Autumn just doesn’t seem to cut it compared to autumns past. No idea why. Scientists are baffled too. Despite warm water and all the indications of a booming hurricane season, the Atlantic switched off (at least at the time of going to print it had, but our fingers are still crossed). Anyway, to remind you of good times, September swells and crisp offshores, we rounded up some of the best autumn shots we could find of the UK and Ireland. You can find them on page 82. If we collectively manifest, maybe we can all get a few decent surfs before Christmas! Back in the 00’s I took a crew off to Ecuador to explore the coast. Our host and new friend Eddie Salazar took us on an adventure and we’ve remained friends ever since. In 2000 he moved to the Galapagos Islands to run surf charters but, like many of us, as he became more attached to the place he wanted to do more. It’s not just about the waves, it’s the ambience, the people and just some kind of serendipity and intuition that tells us it is where we are meant to be.
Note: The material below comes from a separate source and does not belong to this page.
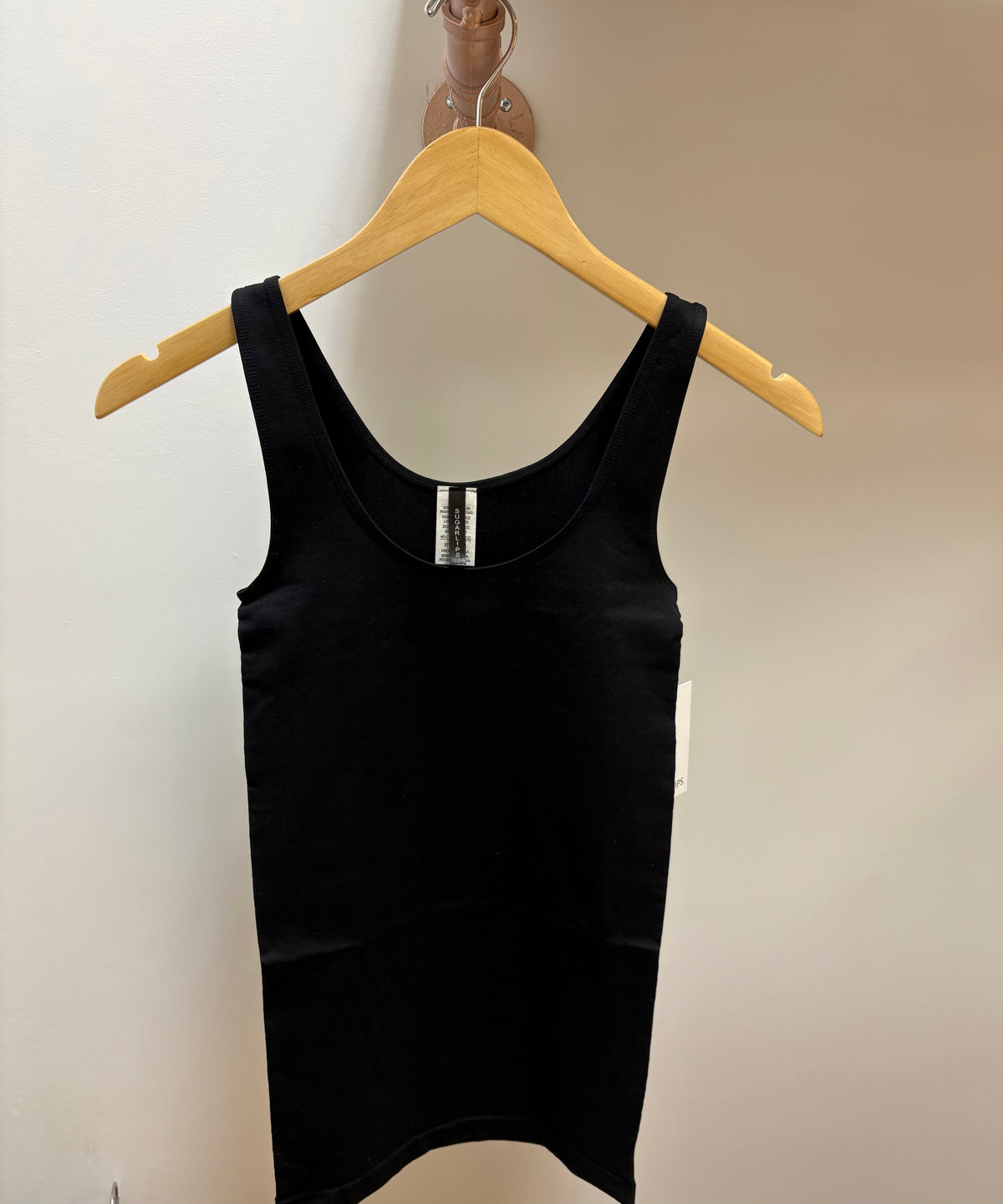 Black seamless tank top from Sugarl!ps featuring a fitted, smooth design perfect for active or casual wear.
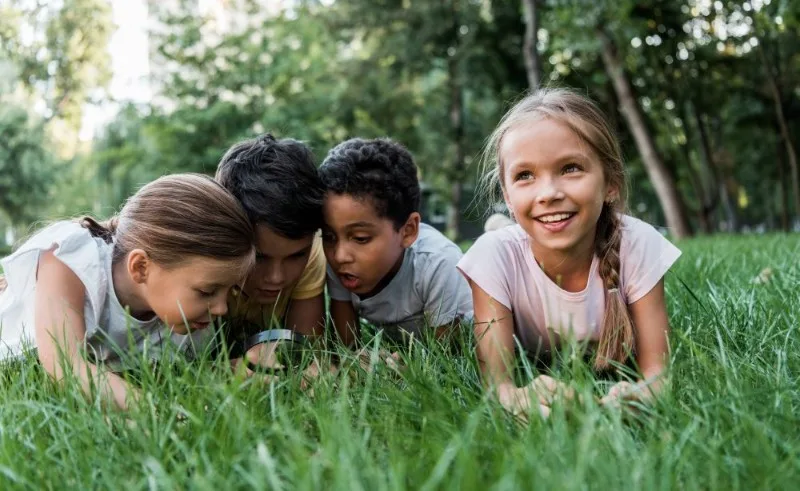 Four children lying on grass looking at a phone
That place could be the likes of Brighton’s surf and skate spots that Grant Winter features on page 22, but for Eddie it was a small island in the middle of the Pacific. After making it his home, he went on a mission to remove non-indigenous plant species in order to protect the local fauna and flora, and bring the area it back to its natural glory. And he’s winning! Read his remarkable story on page 48 and if you’re inspired by it you are invited go and join him. Earlier this month we announced Gary McCall as the winner of the dryrobe® x Carve Photo of the Year competition, for his photo of Lucas Chumbo at Mullaghmore. It is outstanding! Despite our exposure to short clips and addiction to various apps on our phones, there is still something utterly mesmerising about a photo in print which captures the beauty and drama of surfing in a single moment. Gary’s shot did exactly that, so we catch up with him for a chat on page 56.

Speaking of amazing surf shots and their enduring nature, our cover shot had us absolutely spellbound. There is something unfathomable about the power and thickness of the wave, the colour, the depth and control of the ride by Keala Kennelly, and the positioning of the photographer – legend Tim McKenna. It is mind-blowing and we couldn’t stop looking at it. Still can’t. The fact it is from 2016 adds to the kudos deserved by both surfer and photographer. Simply put, it’s one of the best surf shots and rides of all time. And there’s more: Barnaby Cox leaves home to find waves and work in tropical paradise, we go on an adventure through Chile, and big wave surfing in Tasmania. As you thumb through these pages I would encourage you to take a moment to take in the detail of each shot – the colours, the wave form, the way water is flowing beneath boards, or the curl of the lip. Each wave, each ride, each moment is unique. It is a truly amazing thing. Then go out and create your own moments and hold them in your mind’s eye. They will last forever, through good and bad times, and lead you on paths you may never have dreamt of.